___ SUPPLIED RECORDS ___

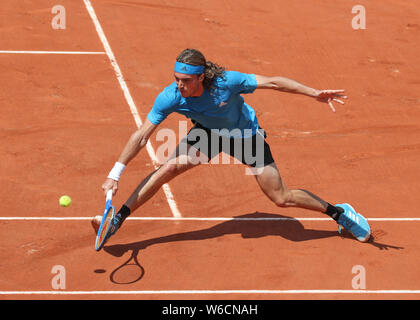 Griechische tennis player Stefanos Tsitsipas spielen eine Rückhand geschossen im French Open 2019 Turnier, Paris, Frankreich Stockfoto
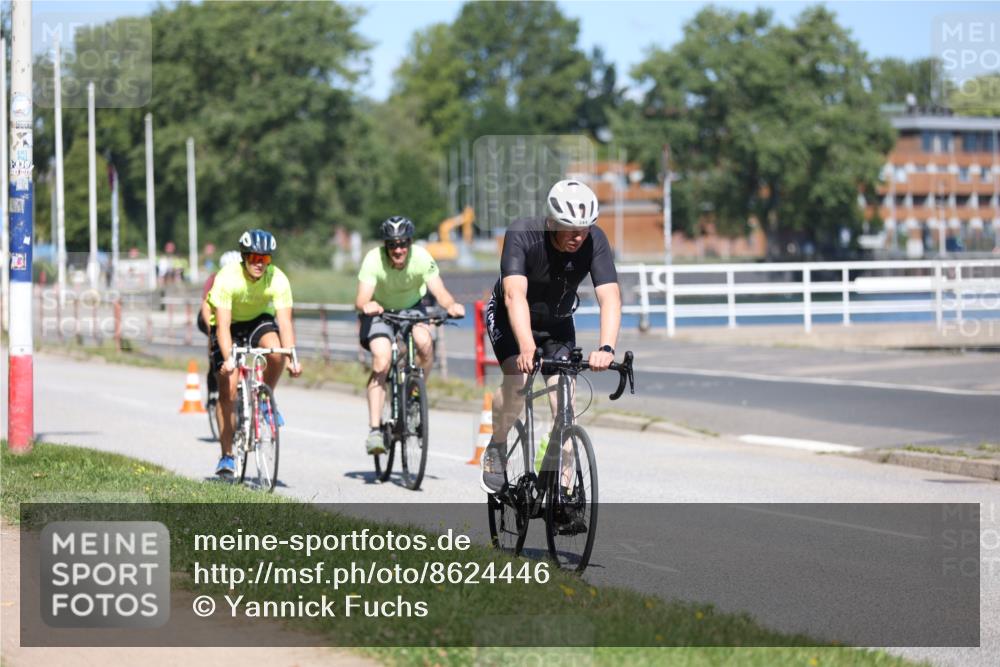 17.08.2025 - KN Förde Triathlon 2025 Yannick Fuchs http://msf.ph/oto/8624446 17.08.2025 11:31:54 Radfahren 280, 293, 339, 341, 343, 344, 385, 390, 602, 634, 318 meine-sportfotos.de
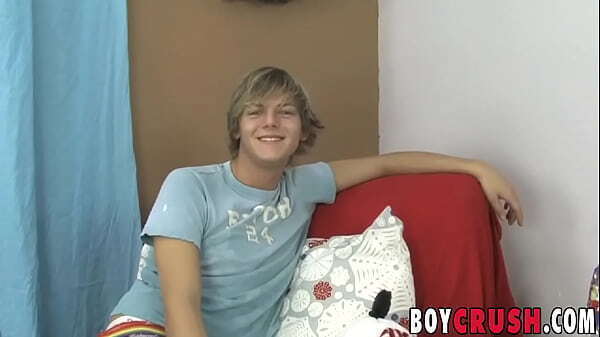 Twink Dillon Samuels receives blowjob while masturbating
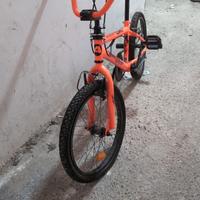 BMX arancione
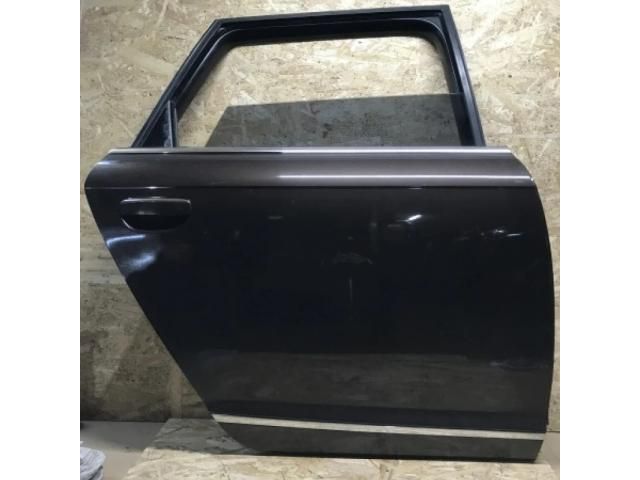 bontott AUDI A6 C6 Jobb hátsó Ajtó (Üres lemez)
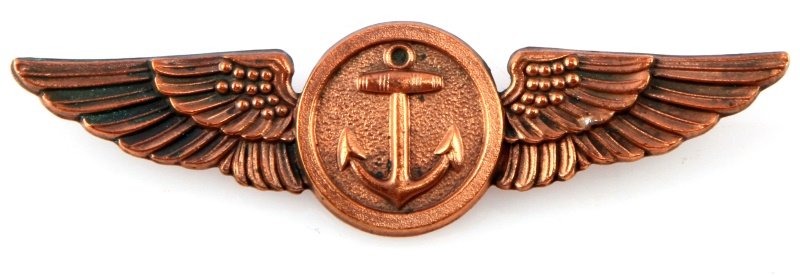 US AMERICAN WWII NAVAL COMBAT OBSERVER WING: Bronze wing with Meyer shield maker's mark. Rear stickpin with locking catch. In good condition with some patina. Unauthenticated, sold as is.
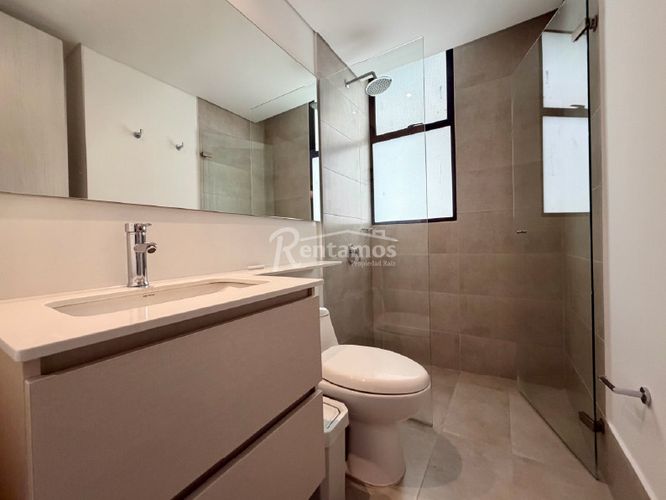 Apartamento de 2 alcobas en arriendo en Lalinde, Medellín, 89 m² · foto 16 de 24
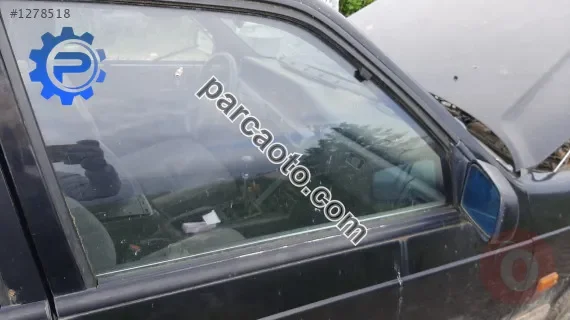 mazda 929 çıkma sağ ön kapı camı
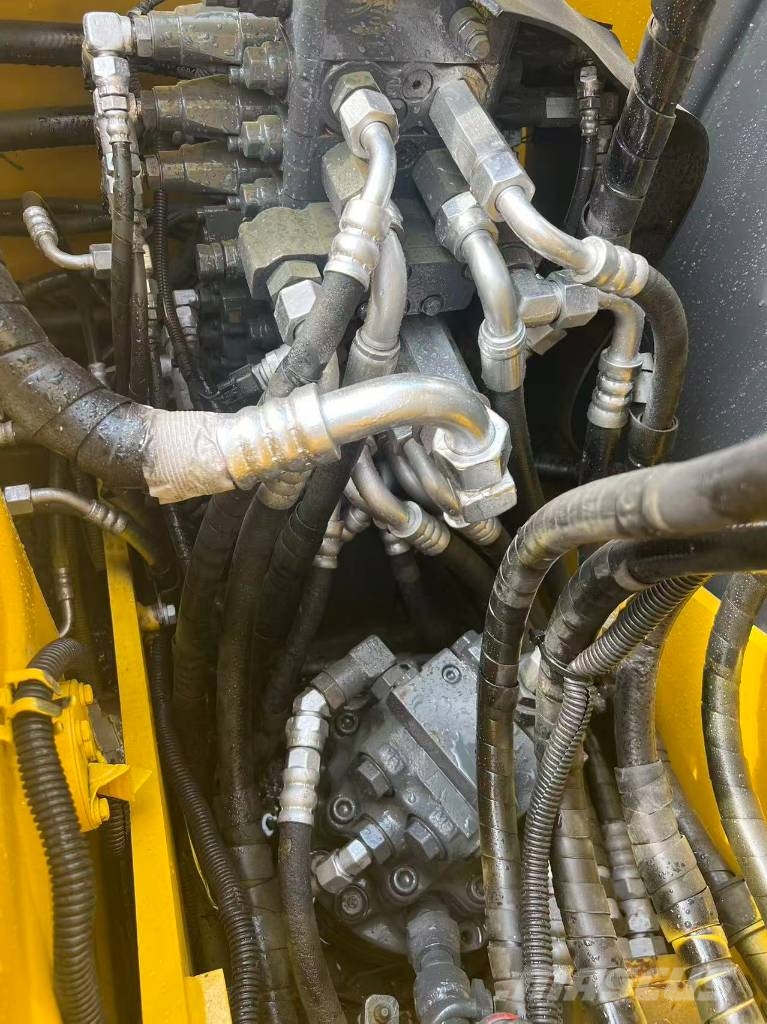 Komatsu PC 70-8 대형 굴삭기 29톤 이상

___

# WHAT THE TASK ASKS:
Skipping any pictures, copy the line that holds "mazda 929 çıkma sağ ön kapı camı" and each line after it through the last line of the records, unchanged, and no other lines.

# SOLUTION BELOW:
 mazda 929 çıkma sağ ön kapı camı
 Komatsu PC 70-8 대형 굴삭기 29톤 이상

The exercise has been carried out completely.